Ukraine: It's Now or Never for Washington
By Mark Almond
The New Statesman

Friday 03 December 2004

America's real aim in Ukraine and other former Soviet republics is to seize control of vital resources before China and India can challenge US dominance.

Are we on the brink of a new cold war? On both sides of the Atlantic, media commentators see the crisis in Ukraine as comparable to the Berlin crises, involving the US and the Soviet Union, which kept the world on tenterhooks for decades. In this supposed drama, a resurgent Kremlin under an ex-KGB colonel is suppressing freedom at home and encroaching on ex-Soviet republics around his country's vast rim.

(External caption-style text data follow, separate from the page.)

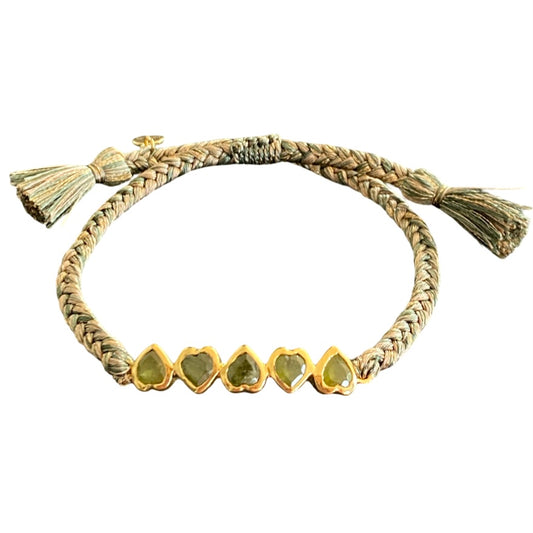 Armband green Hearts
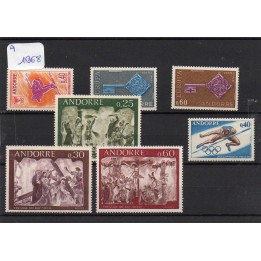 Andorre Francais - Année Complète 1968
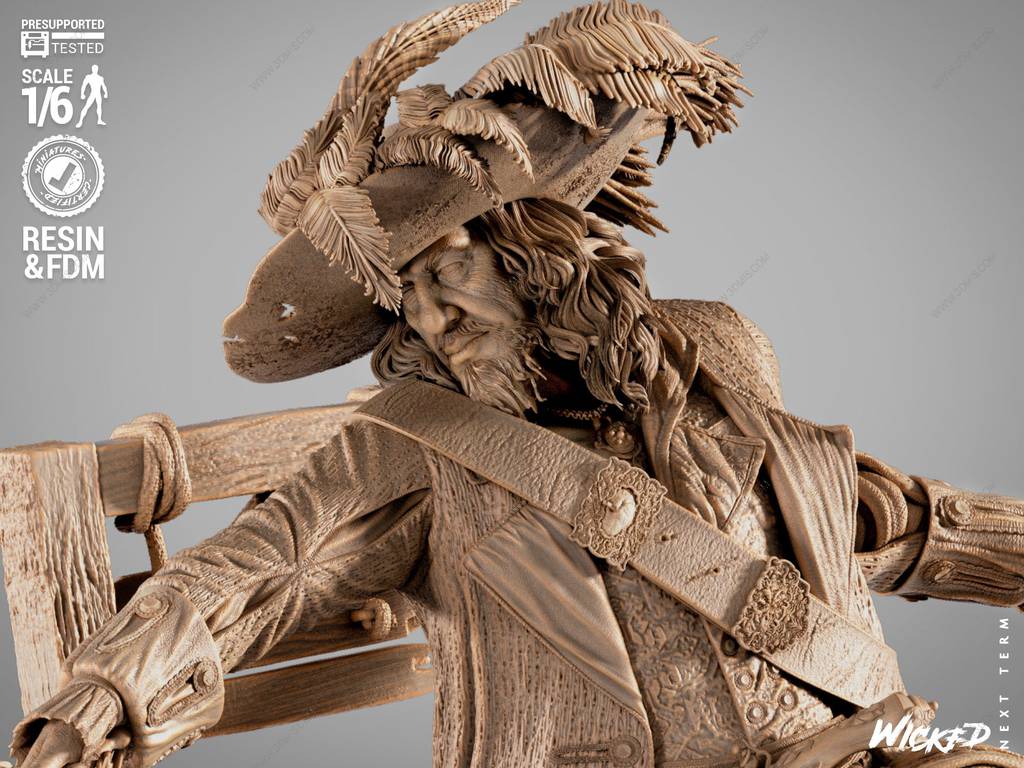 P站图纸印象馆 3DWicked 加勒比海盗 杰克·斯帕罗和赫克托·巴博萨 3DWicked 加勒比海盗 杰克·斯帕罗和赫克托·巴博萨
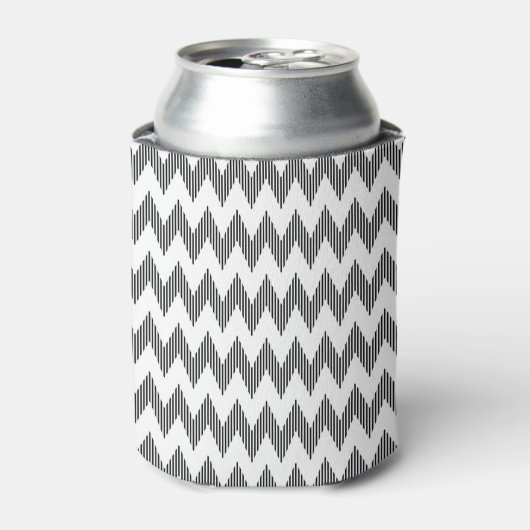 Geometrisch zigzagpatroon 2 blikjeskoeler (Blikje Voorkant)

This terror of shadows has a track record of success. In the 1970s and early 1980s, the ailing world of Leonid Brezhnev was portrayed as a sinister superpower with its tentacles almost around Uncle Sam's throat. The US and the majority of western European nations combined behind a program of arms build-up and covert sponsorship of anti-communist dissidents.

The coincidence of dates is not often noted, but the Pentagon was inaugurated on 11 September 1941, exactly 60 years before it took its first direct hit. In my view, its role was positive for many years: few would regret the fall of Hitler or the deterrence of Stalin. But America's bloodless victory in the cold war did not lead her to rest on her laurels. As early as 1992, Pentagon insiders led by Paul Wolfowitz and sponsored by the then defense secretary, Dick Cheney (under President Bush I), had drawn up a doctrine designed to prevent any power getting the "capacity" to challenge the US in the future. Not only potential foes but friends were to be kept subordinate.

There was no peace dividend. Instead, US defense spending rose. Now the Pentagon spends more than the European Union, Russia, China and India combined. As one Pentagon friend said to me recently: "The new arms race is between the US army today and the US army which might fight it tomorrow!"

Yet, according to Washington's friends, Russia is on the prowl, even though its military technology is ageing and Nato expansion (and with it, US bases) reaches deep inside the old Soviet Union. In reality, the Kremlin's writ is fraying at the edges of the smaller, post-1991 Russia. Already Chechnya is in chaos and much of the north Caucasus is simmering. If Russia poses no military threat even to its neighbors, the divide of the first cold war era is dead.

And yet the culture of the new cold war is very different from that of the old. For 40 years, the west's intellectuals and media were bitterly divided over policy towards Moscow. Each side - particularly the west - had its allies on the other side. The west's victory in 1989 was good for the market economy but bad for intellectual pluralism. Sky News came online in 1989 but the explosion of 24-hour news has been matched by an implosion of alternative views.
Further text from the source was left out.